Oh, okay. Makes sense

You say federal and state so I assume it's a US based thing. I am a Canadian resident; would I still be unable to get a mourning dove as a pet or am I better off just watching them wobble around in the park?


----------



## flitsnowzoom

The US, Canada, and Mexico all have very similar laws to help the migratory bird populations. You might want to search on Environment Canada web site or your province government web sites in the equivalent to the US state governments' Departments of Wildlife divisions to see if you can find out more. 
They are a lot of fun to watch.


----------



## pigeonmama

Sir Coos,
If you like Mourning doves, you'll like the ring necks just as much, and they are legal to keep as pets. I have a pair, Cookie and Brutus, who are waiting for their first baby to finish hatching. Baby's name is Crumpet.
Daryl


----------



## BirdDogg10

Here's a couple sites that can probably help you find a pet dove

http://www.petfinder.org

http://www.gotpetsonline.com

http://www.eggbid.com

http://www.livedeal.com

my friend in LA had a pair of doves, they're pretty quiet for the most part. Ringneck, diamond and white doves are the most common ones that are kept as pets.


----------



## amoonswirl

Hello Sir Coos,
I have two male ringneck doves, and they make a lovely cooing sound that is very similar to the sound of wild mourning doves. In fact, one of them even has a color so much like a mourning dove that my visitors often think that's what he is. Since ringnecks are domesticated birds, they make better pets than any wild species would. I would highly recommend keeping ringnecks if you are interested in doves - I've found mine to be quite entertaining!

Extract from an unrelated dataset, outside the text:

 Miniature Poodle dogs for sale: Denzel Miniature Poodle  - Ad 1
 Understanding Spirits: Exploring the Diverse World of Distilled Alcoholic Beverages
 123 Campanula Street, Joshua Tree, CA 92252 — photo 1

Below is a link to a site where you may find a lot more information on ringnecks and other types of domesticated doves. There are even breeders listed who have birds for sale - that's how I found my doves:
http://dovepage.com/

(p.s. "Tangerine" and "Wild Type" colored ringnecks look a lot like mourning doves - you can see photos of all colors at the dovepage)


----------



## Sir Coos

thanks for all the help, I think I'll be getting a tangerine dove instead. 

I just really like the cooing sounds mourning doves make, so I bought a mourning dove plush toy from Wild Republic and it makes its coo when you squeeze it!


----------



## naturegirl

Ummm.... Mourning Doves are a Federally protected bird and you can't own them as pets. Sorry


----------